Declaração do Fórum dos Cursos de Formação de Professores das estaduais paulistas sobre a BNCC

DECLARAÇÃO DO FÓRUM DOS CURSOS DE FORMAÇÃO DE PROFESSORES DAS UNIVERSIDADES PÚBLICAS ESTADUAIS PAULISTAS

Clique aqui e acesse a nota em PDF 

Nós,coordenadoras e coordenadores, professoras e professores, e estudantes de cursos de licenciatura da Universidade Estadual de Campinas (UNICAMP), da Universidade Estadual Paulista "Júlio de Mesquita Filho(UNESP) e da Universidade de São Paulo (USP), reunidos no Fórum dos Cursos de Formação de Professores das Universidades Públicas Estaduais Paulistas, em reunião realizada na UNICAMP no dia 17 de maio de 2018 para discutir a proposta de Base Nacional Comum Curricular (BNCC) para o Ensino Médio, apresentada pelo Ministério da Educação (MEC), e suas implicações para a formação de professores e o desenvolvimento da educação brasileira, nos posicionamos conforme segue:

A BNCC e a formação de jovens no Ensino Médio

Apesar do histórico de formulação da BNCC desde 2013, é perceptível uma abrupta mudança de rumos do debate pela atual gestão do governo federal, com descarte de versões anteriores e ausência de identificação de fontes e autores das novas versões surgidas.

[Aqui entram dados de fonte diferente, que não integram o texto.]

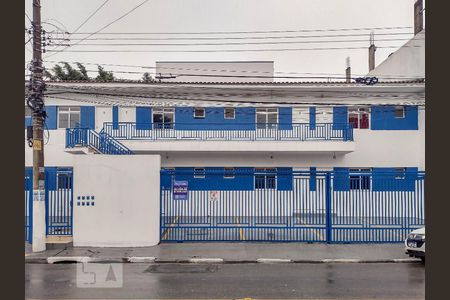 Casa para alugar com 30m², 1 quarto e sem vagaFachada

Mais do que isso, percebemos que o estágio atual do debate ignora todo o acúmulo de experiências sobre o Ensino Médio mantido pela comunidade educacional desde a promulgação da Lei de Diretrizes e Bases da Educação de 1996, a respeito do currículo da Educação Básica, especialmente no que se refere às Diretrizes Curriculares Nacionais, que expressavam a riqueza e a pluralidade do debate e a indissociabilidade de um processo de formação que envolve os Ensinos Fundamental e Médio.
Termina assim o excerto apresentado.